Waterstof-ambassadeur naar Groningen
Deze maand is waterstof-ambassadeur professor doctor Ad van Wijk bij New Energy Coalition begonnen aan de opdracht om de positie van Noord-Nederland als de waterstofregio te behouden en verder te versterken. Samen met Gasunie en de Provincie Groningen heeft New Energy Coalition Van Wijk naar Groningen weten te halen om te werken aan de waterstof ambities. Van Wijk pleit al enige tijd voor een noordelijke waterstofeconomie; hij wordt dan ook gezien als de ideale ambassadeur.
Van Wijk, deeltijd professor Future Energy Systems aan de TU Delft, zal twee dagen in de week werken aan de beste condities om de noordelijke waterstofeconomie vorm te geven. Hij gaat werken aan een waterstof-roadmap waarin onder andere adviezen, Europese subsidies en overzichten van wettelijke kaders en vereiste aanpassingen van bestaande wet- en regelgeving aan bod komen. Verder werkt Van Wijk aan een thematisch programma om de vele waterstofprojecten in het Noorden op gang te krijgen. Van Wijk: “Noord-Nederland heeft een unieke positie om de groene waterstofeconomie in Europa als een van de eersten te ontwikkelen.”
Ambassadeur
Van Wijk staat bekend als voorstander van een noordelijke waterstof economie en beschikt over ingangen bij overheden, kennisinstellingen en bedrijven. Als deeltijd professor Future Energy Systems beschikt hij over een brede en diepgaande kennis over energiesystemen en heeft tevens uitgebreide ervaring met grootschalige duurzame energie en industrie. Daarnaast heeft Van Wijk als voormalig CEO van Econcern uitgebreide ervaring in investeringen in duurzame energie en de ontwikkeling van de Nederlandse energiesector. Kortom, het maakt hem de juiste man om aan de noordelijke waterstofambities de juiste impulsen te geven.

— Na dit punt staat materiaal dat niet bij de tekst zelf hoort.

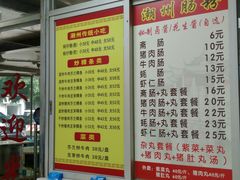 -华威达牛庄(黄埔大道西店)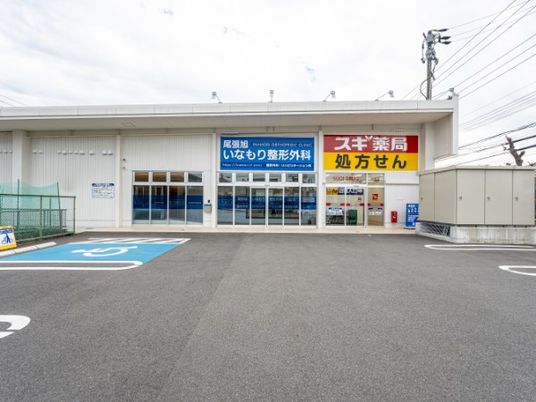 建物の外観  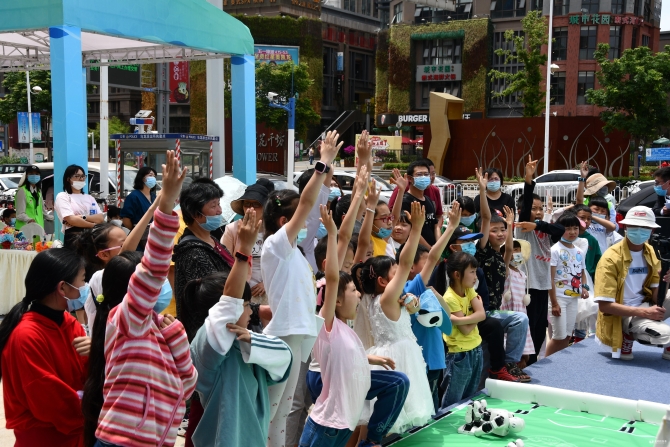 微信图片_20200601091548 微信图片_20200601091548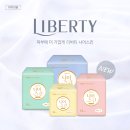 스킨에어리 이미지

Gertjan Lankhorst, algemeen directeur New Energy Coalition: “Wij zijn verheugd dat professor van Wijk zijn inspanningen om de waterstofeconomie op gang te brengen, kan voortzetten vanuit New Energy Coalition. Hiermee wordt weer een belangrijke stap gezet om Groningen verder te ontwikkelen als hét kenniscentrum van de energietransitie.”